RECORDS SUPPLIED:
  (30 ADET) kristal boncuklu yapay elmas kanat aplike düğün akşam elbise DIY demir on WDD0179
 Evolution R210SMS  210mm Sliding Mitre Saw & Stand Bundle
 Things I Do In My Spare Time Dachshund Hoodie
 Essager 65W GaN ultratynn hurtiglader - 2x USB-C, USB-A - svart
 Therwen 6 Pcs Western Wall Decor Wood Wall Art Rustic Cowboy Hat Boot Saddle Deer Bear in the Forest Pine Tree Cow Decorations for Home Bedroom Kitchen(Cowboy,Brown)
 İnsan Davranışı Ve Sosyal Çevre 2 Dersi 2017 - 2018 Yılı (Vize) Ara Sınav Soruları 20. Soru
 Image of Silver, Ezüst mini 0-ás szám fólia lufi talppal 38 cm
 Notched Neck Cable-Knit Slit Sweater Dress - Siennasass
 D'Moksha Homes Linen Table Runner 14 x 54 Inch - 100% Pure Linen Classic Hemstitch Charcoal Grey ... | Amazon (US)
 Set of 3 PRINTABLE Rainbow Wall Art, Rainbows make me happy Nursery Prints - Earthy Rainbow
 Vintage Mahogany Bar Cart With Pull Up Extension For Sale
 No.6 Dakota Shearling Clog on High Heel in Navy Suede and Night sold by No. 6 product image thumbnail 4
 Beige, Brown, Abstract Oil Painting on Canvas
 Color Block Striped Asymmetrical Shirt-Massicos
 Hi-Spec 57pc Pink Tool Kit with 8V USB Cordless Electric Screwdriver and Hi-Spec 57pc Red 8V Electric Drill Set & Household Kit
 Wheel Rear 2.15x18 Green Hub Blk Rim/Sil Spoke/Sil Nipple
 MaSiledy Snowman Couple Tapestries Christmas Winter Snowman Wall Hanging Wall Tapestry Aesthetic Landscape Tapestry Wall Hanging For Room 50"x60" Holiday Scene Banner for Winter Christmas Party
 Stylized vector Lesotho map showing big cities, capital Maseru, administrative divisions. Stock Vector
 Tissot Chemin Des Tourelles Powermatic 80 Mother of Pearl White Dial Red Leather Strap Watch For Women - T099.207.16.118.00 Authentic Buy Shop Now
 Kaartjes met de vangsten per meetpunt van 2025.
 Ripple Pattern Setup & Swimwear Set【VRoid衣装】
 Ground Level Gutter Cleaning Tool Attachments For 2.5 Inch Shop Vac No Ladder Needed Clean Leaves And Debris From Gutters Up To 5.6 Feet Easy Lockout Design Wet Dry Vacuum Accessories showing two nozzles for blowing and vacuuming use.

DIRECTIONS: Beginning with the very first line of the material, please return exactly each line down to and including the one with "Therwen 6 Pcs".

RESULT OF THIS TASK:
  (30 ADET) kristal boncuklu yapay elmas kanat aplike düğün akşam elbise DIY demir on WDD0179
 Evolution R210SMS  210mm Sliding Mitre Saw & Stand Bundle
 Things I Do In My Spare Time Dachshund Hoodie
 Essager 65W GaN ultratynn hurtiglader - 2x USB-C, USB-A - svart
 Therwen 6 Pcs Western Wall Decor Wood Wall Art Rustic Cowboy Hat Boot Saddle Deer Bear in the Forest Pine Tree Cow Decorations for Home Bedroom Kitchen(Cowboy,Brown)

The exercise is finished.